To take another instance, Phylarchus, while narrating with exaggeration and elaboration the calamities of the Mantineans, evidently deeming it a historian's duty to lay stress on criminal acts,
does not even make mention of the noble conduct of the Megalopolitans at nearly the same date, as if it were rather the proper function of history to chronicle the commission of sins than to call attention to right and honourable actions,
or as if readers of his memoirs would be improved less by account of good conduct which we should emulate than by criminal conduct which we should shun.
He tells us how Cleomenes took the city, and before doing any damage to it, sent at once a post to the Megalopolitans at Messene offering to hand back their own native country to them uninjured on condition of their throwing in their lot with him. So much he lets us know, wishing to show the magnanimity of Cleomenes and and his moderation to his enemies,
and he goes on to tell how when the letter was being read out they would not allow the reader to continue until the end, and how they came very near stoning the letter-bearers.
So far he makes everything quite clear to us, but he deprives us of what should follow and what is the special virtue of history, I mean praise and honourable mention of conduct noteworthy for its excellence.

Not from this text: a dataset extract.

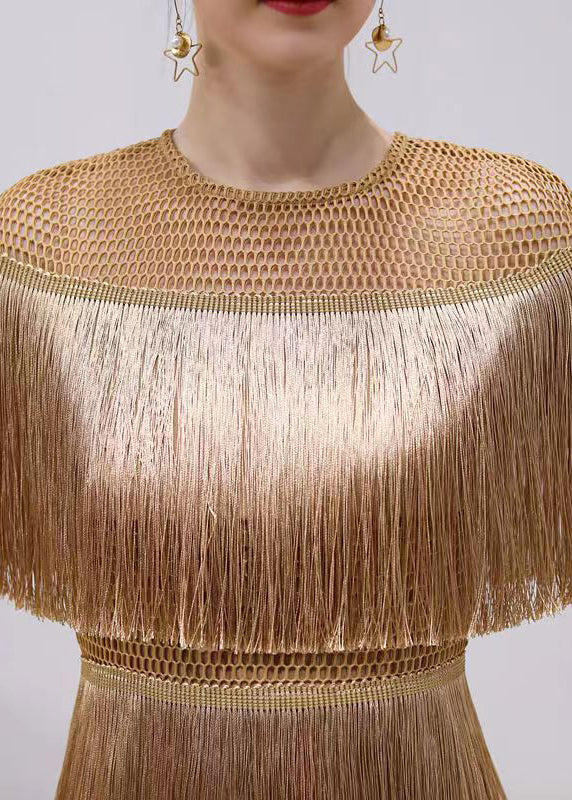 Boutique Gold Tasseled Hollow Out Party Dresses Summer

And yet he had an opportunity ready to his hand here. For if we consider those men to be good who by speeches and resolutions only expose themselves to war for the sake of their friends and allies, and if we bestow not only praise but lavish thanks and gifts on those who have suffered their country to be laid waste and their city besieged,
what should we feel for the Megalopolitans? Surely the deepest reverence and the highest regard.

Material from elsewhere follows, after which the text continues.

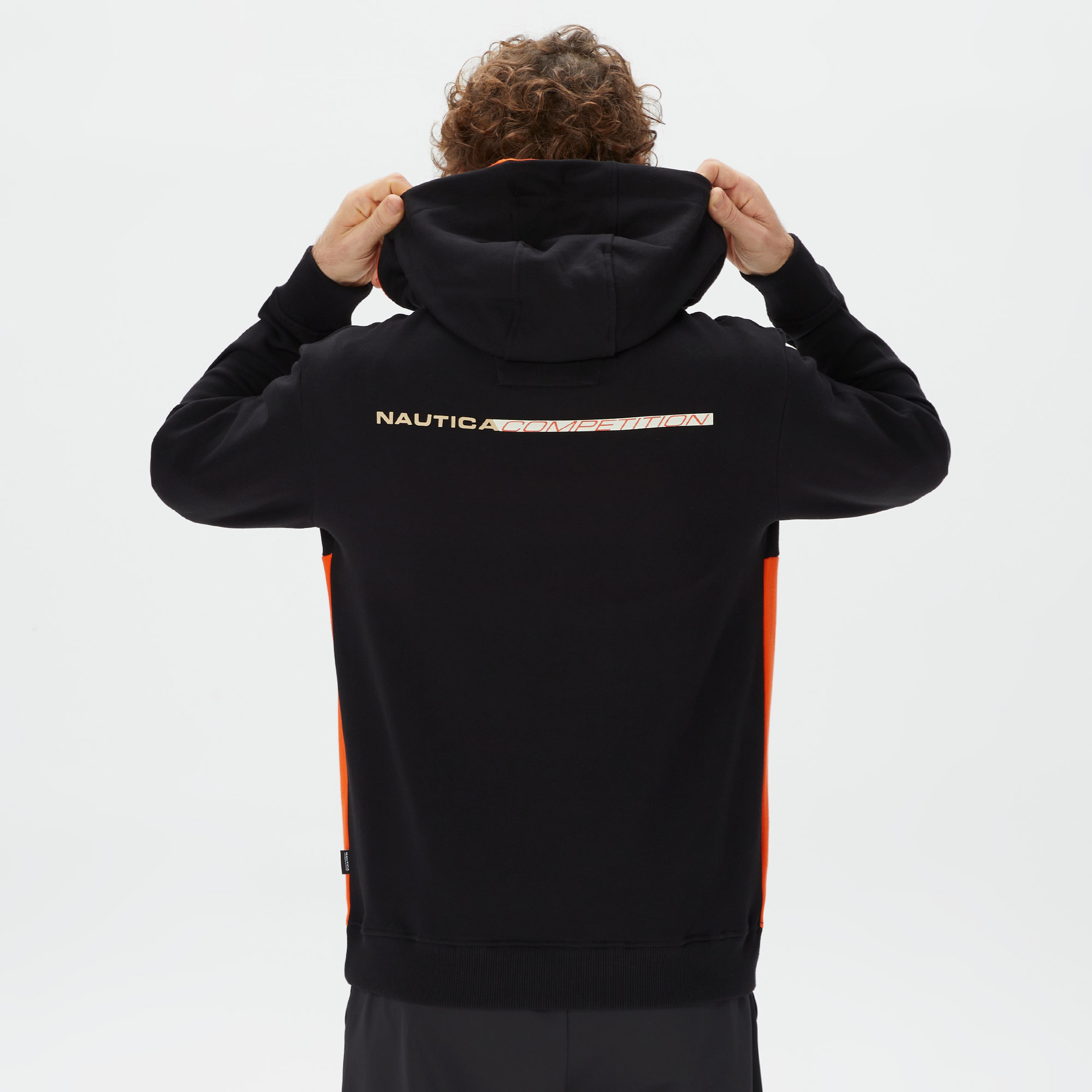 Nautica Erkek Siyah Standart Fit Kapüşonlu Sweatshirt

In the first place they left their lands at the mercy of Cleomenes, next they utterly lost their city owing to their support of the Achaeans,
and finally, when quite unexpectedly it was put in their power to get it back undamaged, they preferred to lose their land, their tombs, their temples, their homes, and their possessions, all in fact that is dearest to men, rather than break faith with their allies.
What more noble conduct has there ever been or could there be?
But Phylarchus, blind, as it seems to me, to the most noble actions and those most worthy of an author's attention, has not said a single word on the subject.